If anything of this kind had happened some years before, when the masters of labour were still looked upon as the natural rulers of the people, and even the poorest and most ignorant man leaned upon them for support, while they submitted to their fleecing, the entire break-up of all society would have followed. But the long series of years during which the workmen had learned to despise their rulers, had done away with their dependence upon them, and they were now beginning to trust (somewhat dangerously, as events proved) in the non-legal leaders whom events had thrust forward; and though most of these were now become mere figure-heads, their names and reputations were useful in this crisis as a stop-gap.
“The effect of the news, therefore, of the release of the Committee gave the Government some breathing time: for it was received with the greatest joy by the workers, and even the well-to-do saw in it a respite from the mere destruction which they had begun to dread, and the fear of which most of them attributed to the weakness of the Government. As far as the passing hour went, perhaps they were right in this.”

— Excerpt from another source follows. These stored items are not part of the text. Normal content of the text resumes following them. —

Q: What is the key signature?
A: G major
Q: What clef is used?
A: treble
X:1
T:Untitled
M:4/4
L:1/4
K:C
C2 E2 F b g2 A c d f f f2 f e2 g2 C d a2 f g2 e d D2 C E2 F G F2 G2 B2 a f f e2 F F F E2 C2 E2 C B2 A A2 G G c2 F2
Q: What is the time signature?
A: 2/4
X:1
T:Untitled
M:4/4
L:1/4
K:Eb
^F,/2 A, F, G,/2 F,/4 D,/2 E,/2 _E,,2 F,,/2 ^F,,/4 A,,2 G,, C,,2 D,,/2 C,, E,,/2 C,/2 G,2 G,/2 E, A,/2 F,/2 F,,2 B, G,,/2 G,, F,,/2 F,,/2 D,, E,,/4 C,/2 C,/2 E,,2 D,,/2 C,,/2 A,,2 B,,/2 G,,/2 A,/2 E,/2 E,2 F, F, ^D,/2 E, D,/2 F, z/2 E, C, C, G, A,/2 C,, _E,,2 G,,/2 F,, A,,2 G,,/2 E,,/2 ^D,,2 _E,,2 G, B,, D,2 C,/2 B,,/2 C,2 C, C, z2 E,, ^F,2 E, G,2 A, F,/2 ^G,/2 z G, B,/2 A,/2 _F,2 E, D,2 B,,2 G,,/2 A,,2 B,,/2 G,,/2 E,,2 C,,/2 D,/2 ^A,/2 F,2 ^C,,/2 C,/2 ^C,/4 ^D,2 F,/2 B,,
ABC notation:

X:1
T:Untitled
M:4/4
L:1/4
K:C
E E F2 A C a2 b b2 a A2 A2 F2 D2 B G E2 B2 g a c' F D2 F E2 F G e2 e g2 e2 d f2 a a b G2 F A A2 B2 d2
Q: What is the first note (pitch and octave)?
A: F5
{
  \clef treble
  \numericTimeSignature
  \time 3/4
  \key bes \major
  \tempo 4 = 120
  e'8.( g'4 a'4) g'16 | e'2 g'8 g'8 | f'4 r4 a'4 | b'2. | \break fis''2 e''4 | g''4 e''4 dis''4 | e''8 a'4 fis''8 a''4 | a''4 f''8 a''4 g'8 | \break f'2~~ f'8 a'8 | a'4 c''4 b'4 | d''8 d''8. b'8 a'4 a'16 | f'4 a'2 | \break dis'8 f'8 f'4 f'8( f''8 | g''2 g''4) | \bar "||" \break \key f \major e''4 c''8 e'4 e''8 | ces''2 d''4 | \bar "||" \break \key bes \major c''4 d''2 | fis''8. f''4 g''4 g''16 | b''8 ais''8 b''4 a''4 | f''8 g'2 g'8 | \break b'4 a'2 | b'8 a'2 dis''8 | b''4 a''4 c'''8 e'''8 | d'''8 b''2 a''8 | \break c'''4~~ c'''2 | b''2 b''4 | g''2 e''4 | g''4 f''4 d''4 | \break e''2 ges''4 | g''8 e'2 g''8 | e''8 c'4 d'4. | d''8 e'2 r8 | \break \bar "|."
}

“How do you mean?” said I. “What could the Government have done? I often used to think that they would be helpless in such a crisis.”
Said old Hammond: “Of course I don’t doubt that in the long run matters would have come about as they did. But if the Government could have treated their army as a real army, and used them strategically as a general would have done, looking on the people as a mere open enemy to be shot at and dispersed wherever they turned up, they would probably have gained the victory at the time.”
“But would the soldiers have acted against the people in this way?” said I.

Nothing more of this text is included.